Cool new frog named after Led Zeppelin
Pristimantis ledzeppelin was discovered over the hills and far away in southeast Ecuador
There’s nothing quite like New Frog Day. No matter how determined we, as a species, are to totally destroy the natural world, scientists keep managing to find previously unidentified amphibians that have somehow hung on long enough for us to snatch them up and name them after musicians like Ozzy Osbourne, Sting, and Freddie Mercury. Now, in what may be the only New Frog Day of the month, we have Pristimantis ledzeppelin, a slimy little guy from southeast Ecuador named after the English band responsible for roughly half of all classic rock radio programming.
Pristimantis ledzeppelin or “Led Zeppelin’s Rain Frog” was discovered in a mountainous region called Cordillera del Cóndo where, as Vice reports, it was spotted hanging out on shrubs above bodies of water by scientists David Brito-Zapata and Carolina Reyes-Puig. (Considering it also goes by “Rain Frog,” we have to wonder if there was an argument between the two scientists, one of whom had to compromise after wanting to name it Pristimantis tomwaitssecondbestalbum.)
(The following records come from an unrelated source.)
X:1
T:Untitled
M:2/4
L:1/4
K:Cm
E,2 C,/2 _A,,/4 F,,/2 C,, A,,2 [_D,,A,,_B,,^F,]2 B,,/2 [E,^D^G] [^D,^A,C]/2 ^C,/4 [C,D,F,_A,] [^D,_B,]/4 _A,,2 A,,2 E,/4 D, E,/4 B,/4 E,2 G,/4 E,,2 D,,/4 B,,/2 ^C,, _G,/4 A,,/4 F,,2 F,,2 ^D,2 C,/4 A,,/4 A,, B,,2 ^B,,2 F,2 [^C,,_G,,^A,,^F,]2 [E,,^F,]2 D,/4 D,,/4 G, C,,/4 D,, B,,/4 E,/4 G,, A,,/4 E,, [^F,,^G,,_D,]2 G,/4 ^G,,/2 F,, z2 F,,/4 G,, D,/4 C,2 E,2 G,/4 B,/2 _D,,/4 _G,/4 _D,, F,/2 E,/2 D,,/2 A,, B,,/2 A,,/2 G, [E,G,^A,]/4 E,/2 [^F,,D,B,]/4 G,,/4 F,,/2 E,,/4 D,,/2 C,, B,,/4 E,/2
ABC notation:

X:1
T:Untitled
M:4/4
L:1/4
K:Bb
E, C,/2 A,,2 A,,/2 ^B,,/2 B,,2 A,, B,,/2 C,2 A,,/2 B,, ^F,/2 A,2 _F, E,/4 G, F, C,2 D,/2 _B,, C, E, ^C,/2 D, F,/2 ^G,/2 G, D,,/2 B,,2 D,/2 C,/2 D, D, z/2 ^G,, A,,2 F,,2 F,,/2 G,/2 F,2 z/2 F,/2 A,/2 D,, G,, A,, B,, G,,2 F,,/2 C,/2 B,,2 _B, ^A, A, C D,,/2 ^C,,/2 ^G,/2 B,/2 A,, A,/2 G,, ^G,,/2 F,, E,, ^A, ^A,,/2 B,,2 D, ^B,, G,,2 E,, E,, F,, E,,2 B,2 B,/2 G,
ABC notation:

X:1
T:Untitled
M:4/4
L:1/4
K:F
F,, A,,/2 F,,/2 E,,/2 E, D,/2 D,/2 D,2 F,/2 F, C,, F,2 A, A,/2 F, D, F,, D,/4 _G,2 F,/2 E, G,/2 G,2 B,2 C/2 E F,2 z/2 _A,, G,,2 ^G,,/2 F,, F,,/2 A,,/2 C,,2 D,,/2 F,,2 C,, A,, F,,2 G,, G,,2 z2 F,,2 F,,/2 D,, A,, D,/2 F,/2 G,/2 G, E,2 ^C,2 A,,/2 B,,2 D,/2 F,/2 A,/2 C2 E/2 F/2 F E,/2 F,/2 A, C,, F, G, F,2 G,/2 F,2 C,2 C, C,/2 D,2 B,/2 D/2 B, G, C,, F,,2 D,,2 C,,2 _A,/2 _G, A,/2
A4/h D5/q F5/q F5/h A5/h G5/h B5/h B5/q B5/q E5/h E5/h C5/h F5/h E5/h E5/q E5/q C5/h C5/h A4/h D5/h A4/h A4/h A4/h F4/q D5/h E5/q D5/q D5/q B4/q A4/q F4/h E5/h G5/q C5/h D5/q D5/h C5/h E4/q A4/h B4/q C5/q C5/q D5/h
To our untrained eyes, the frog just sort of looks like most other frogs who live around the world, trying to avoid being trampled under foot by (um, misty mountain?) hopping from forest to swamp. It’s most remarkable feature, to those of us who can’t pick out its “distinctive scapular fold,” is a pair of red eyes, which help set it apart from the 569 other frogs that belong to the Pristimantis genus.
In the article describing Led Zeppelin’s Rain Frog, Brito-Zapata and Reyes-Puig point out that its habitat, the Cordillera del Cóndor, is “part of one of the most threatened eco-regions in the world” and that “it is important to consider new long-term initiatives for small vertebrate conservation actions” if we want to safeguard species like the Rain Frog.
Our hope is that these conservation actions are taken—and that the Zeppelin frog acts like a 1970s stadium rock band and manages to produce so many children it can’t possibly keep track of them all, thus avoiding the fate of the nearly unfuckable frogs of years past.